The reply should repeat all of the data word for word, with no pictures.

========================

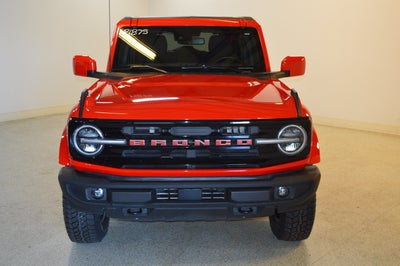 2022 Ford Bronco Outer Banks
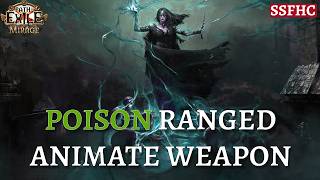 SSFHC | Gearing Poison Ranged Animate Weapon | Without music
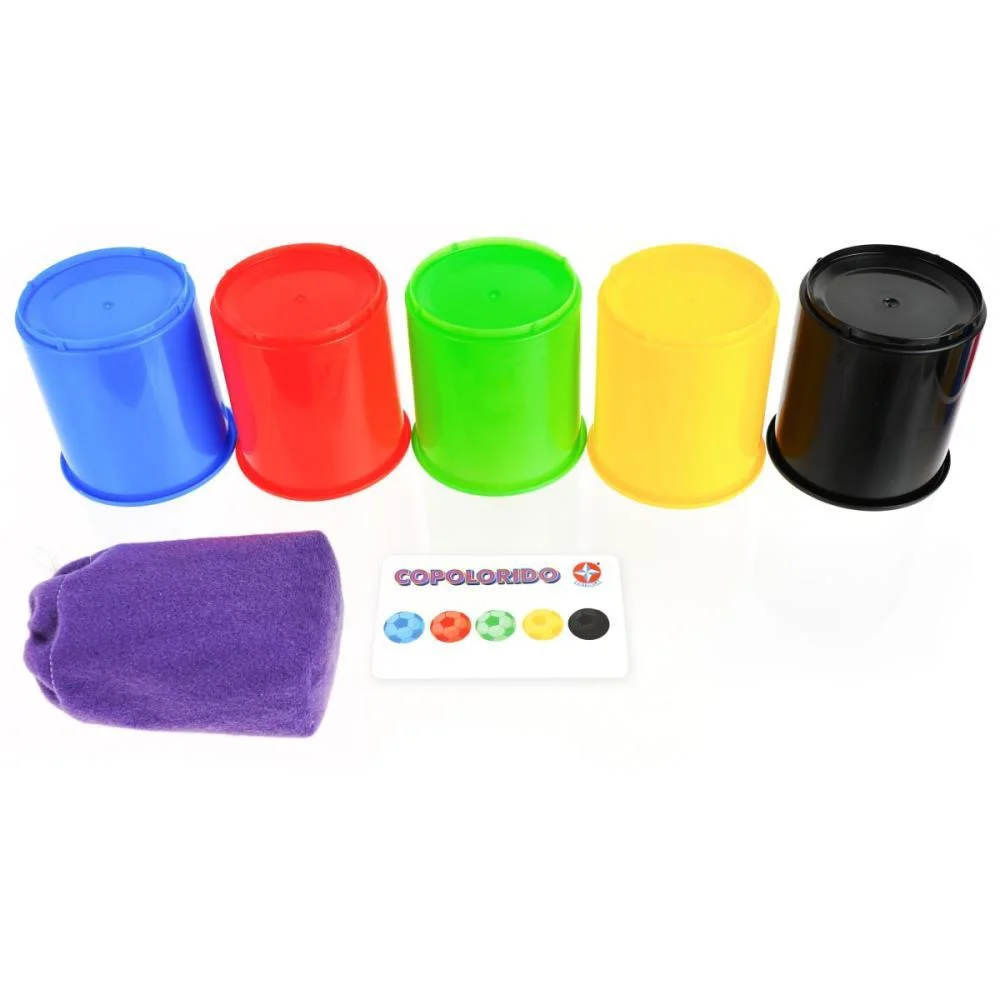 JOGO DIVERSO COPOLORIDO ESTRELA (UNIDADE) - imagem 7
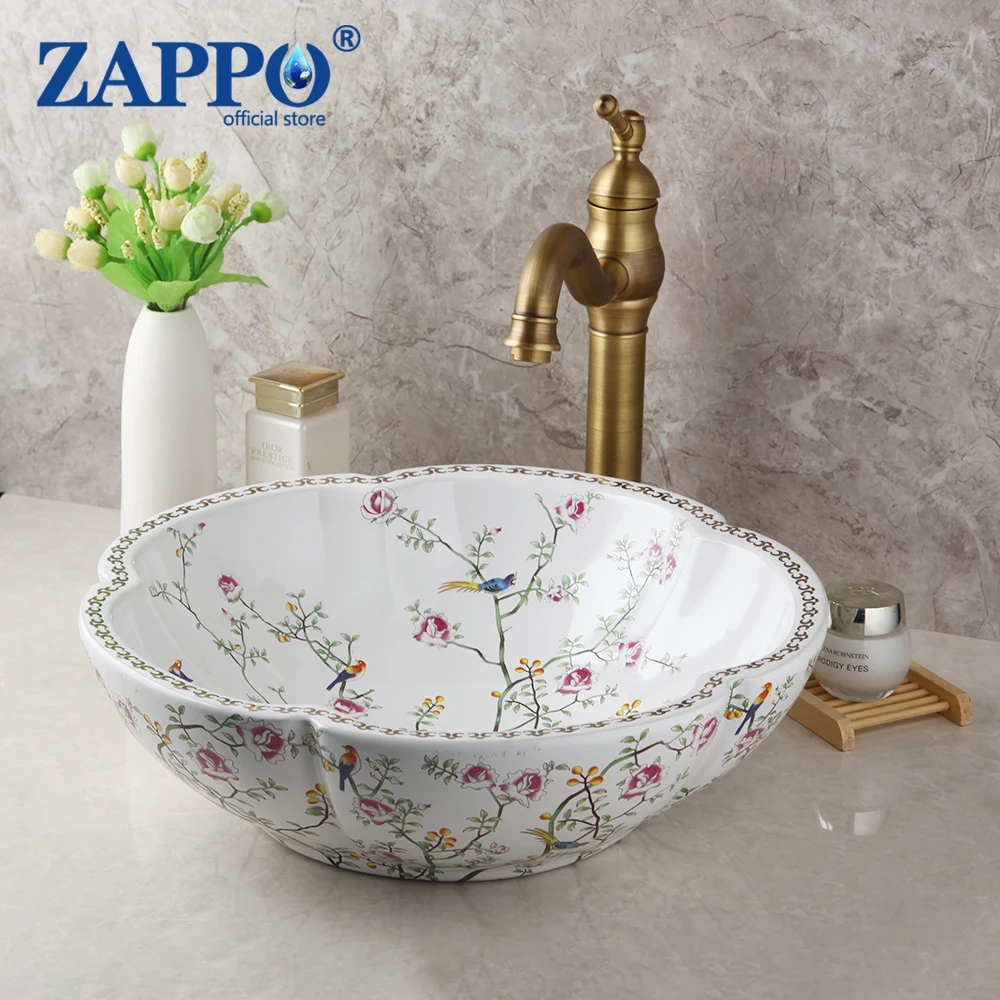 

Керамическая раковина Torayvino ZAPPO круглая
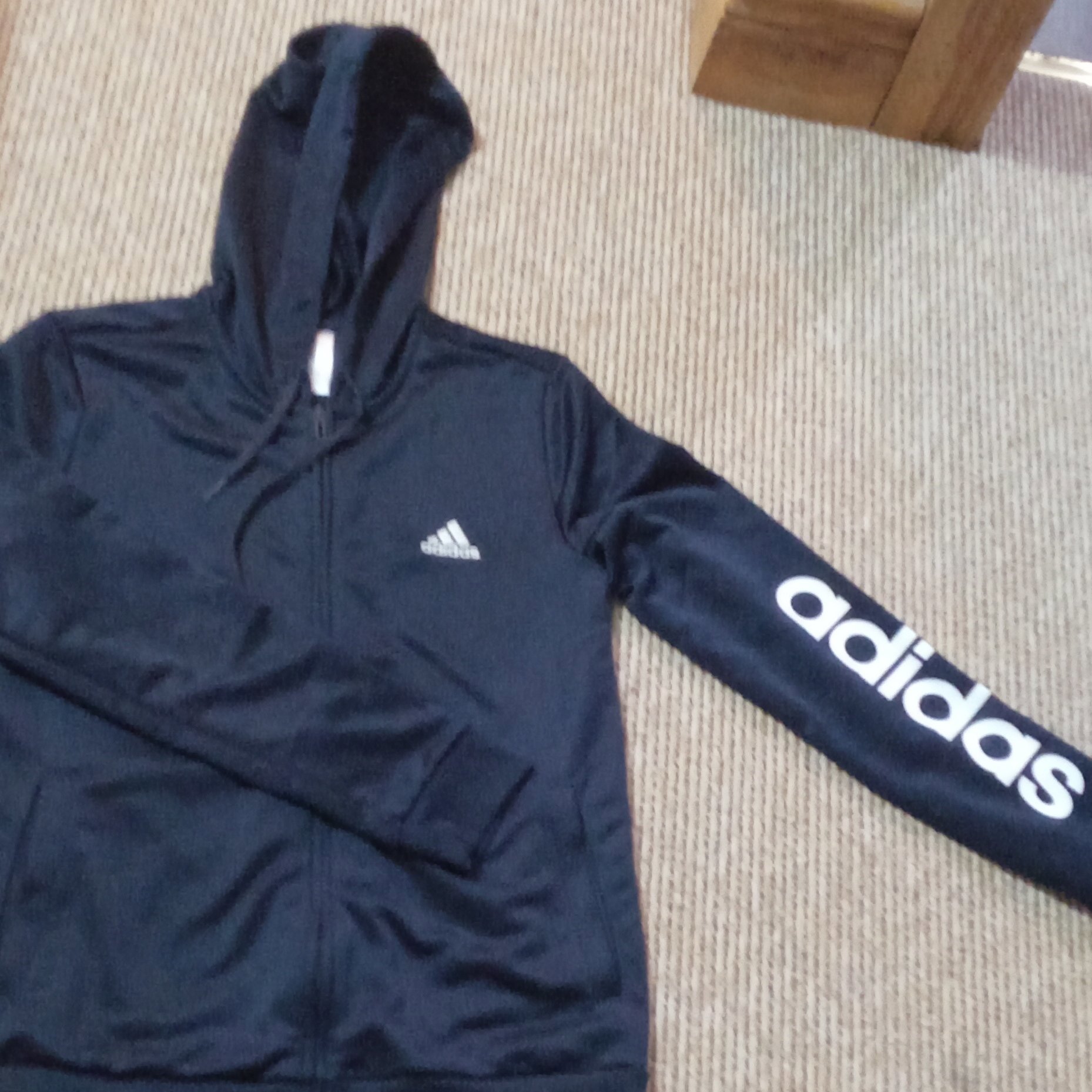 Adidas hoodie 12-14uk kids M, Adidas, 12 years, New condition — preloved on SilentSale®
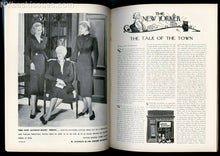 Load image into Gallery viewer, New Yorker magazine September 20 1947 Frank Sullivan Hamilton Basso FINE
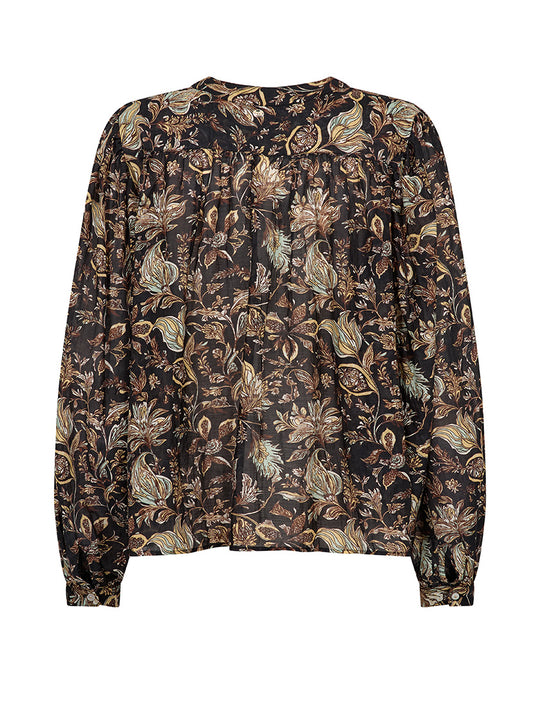 Bluse «Tenca Fleur» von MOS MOSH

========================

ANSWER TO THIS EXERCISE —
 2022 Ford Bronco Outer Banks
 SSFHC | Gearing Poison Ranged Animate Weapon | Without music
 JOGO DIVERSO COPOLORIDO ESTRELA (UNIDADE) - imagem 7

Керамическая раковина Torayvino ZAPPO круглая
 Adidas hoodie 12-14uk kids M, Adidas, 12 years, New condition — preloved on SilentSale®
 Load image into Gallery viewer, New Yorker magazine September 20 1947 Frank Sullivan Hamilton Basso FINE
 Bluse «Tenca Fleur» von MOS MOSH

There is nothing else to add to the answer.